Sviatlana Tsikhanouskaya, who was Lukashenko’s main challenger in 2020 before fleeing to Lithuania the day after the election, says Belarus has launched a systematic campaign against dissidents abroad.
“Ahead of the 2025 campaign, repressions against Belarusians abroad will most likely only intensify as the regime tries to intimidate those who call for increased international sanctions and nonrecognition of Lukashenko’s legitimacy,” she said in an interview with media.

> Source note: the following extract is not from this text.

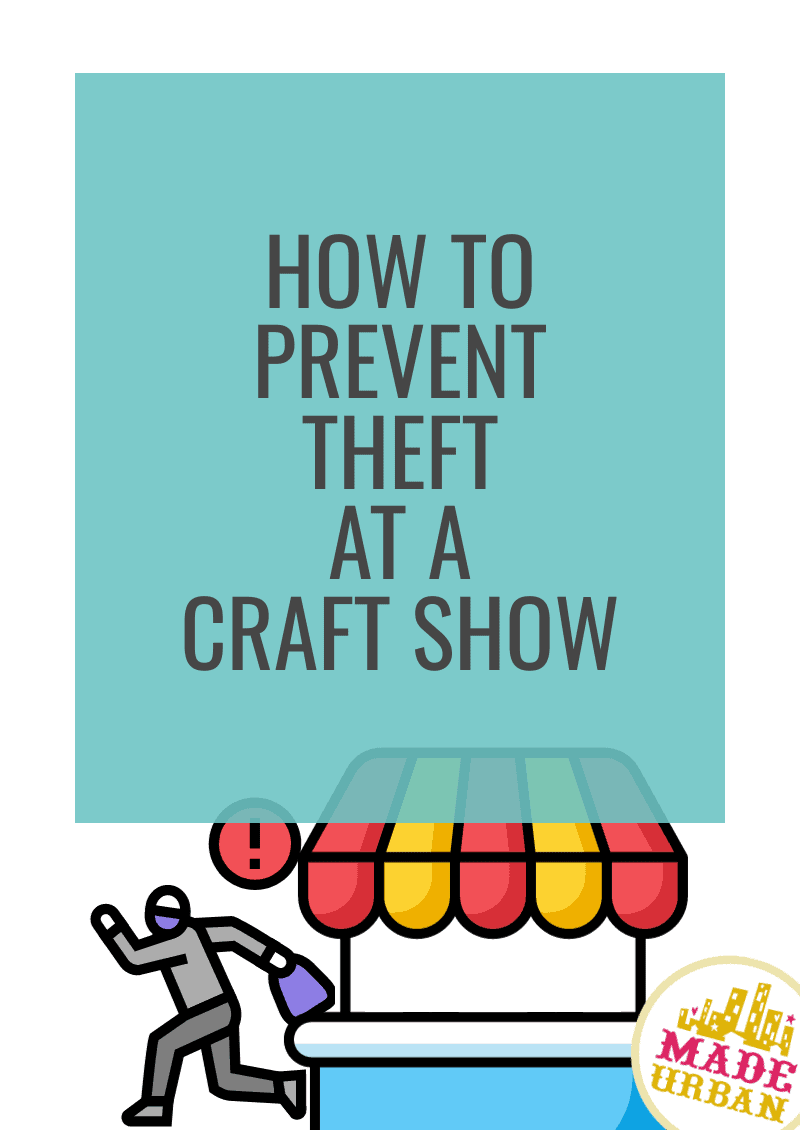 How To Prevent Theft at a Craft Show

Tsikhanouskaya said her office gets hundreds of requests a month from Belarusians abroad who say criminal cases have been opened against them in their homeland, and it is intervening in at least 15 countries where extradition requests have been made. Other emigres complain their identity documents have been invalidated by the government in Minsk or that relatives at home have come under pressure.
Pavel Latushka, a prominent opposition figure in exile in Poland, says he’s received threats, which Polish authorities are investigating, and his website came under a cyberattack that he blames on Lukashenko’s government.
Belarusian sprinter Krystsina Tsimanouskaya, who sought political asylum in Poland three years ago after the Tokyo Olympics, also said she had received threatening messages in Warsaw.
One said “they would rip my stomach open if I went outside,” Tsimanouskaya told news agencies at the Paris Olympics.
In another, separate instance, she said she noticed “two men were constantly following me” in her neighborhood. “They went outside when I went outside. This was not some kind of coincidence,” Tsimanouskaya said, adding that it ended after she reported it to police. At the Paris Games, Polish team officials advised her to keep to the more secure athletes village whenever possible.
Viasna representative Pavel Sapelka said the Belarus KGB is infiltrating the diaspora, organizing surveillance and taking video of large protests abroad, and then initiating hundreds of criminal cases at home.
“Official Minsk has begun sending out extradition requests en masse, and the logic here is very simple — even if they manage to bring back only a few from abroad, everyone will be scared,” he said.
Independent director Andrei Hniot, a Lukashenko critic who made films about the Minsk protests, was arrested last year at Belgrade’s airport on an Interpol warrant at the request of Belarusian authorities for alleged tax evasion. A Serbian court in June ordered his extradition, but European Commission President Ursula von der Leyen intervened.
In a letter to the Belarusian opposition office, she said Serbian authorities were told Hniot’s case “was politically motivated” and he “would face reprisals” if returned to his homeland.
“The route to Belarus is a direct road to prison,” Hniot told news agencies from Belgrade, where he’s under house arrest while awaiting a final ruling.
In August, two anti-Lukashenko activists were deported from Sweden after being refused political asylum. The mother and son who had participated in protests in Belarus were taken by Swedish authorities to the Lithuania-Belarus frontier and handed over to Belarusian border guards. The son was detained at the border.
“Belarusians need European solidarity not in words but in deeds,” said Zmitser Vaserman, who represents a Belarusian exile group in Sweden, urging a “European moratorium on the deportation of Belarusian citizens who are persecuted for political reasons.”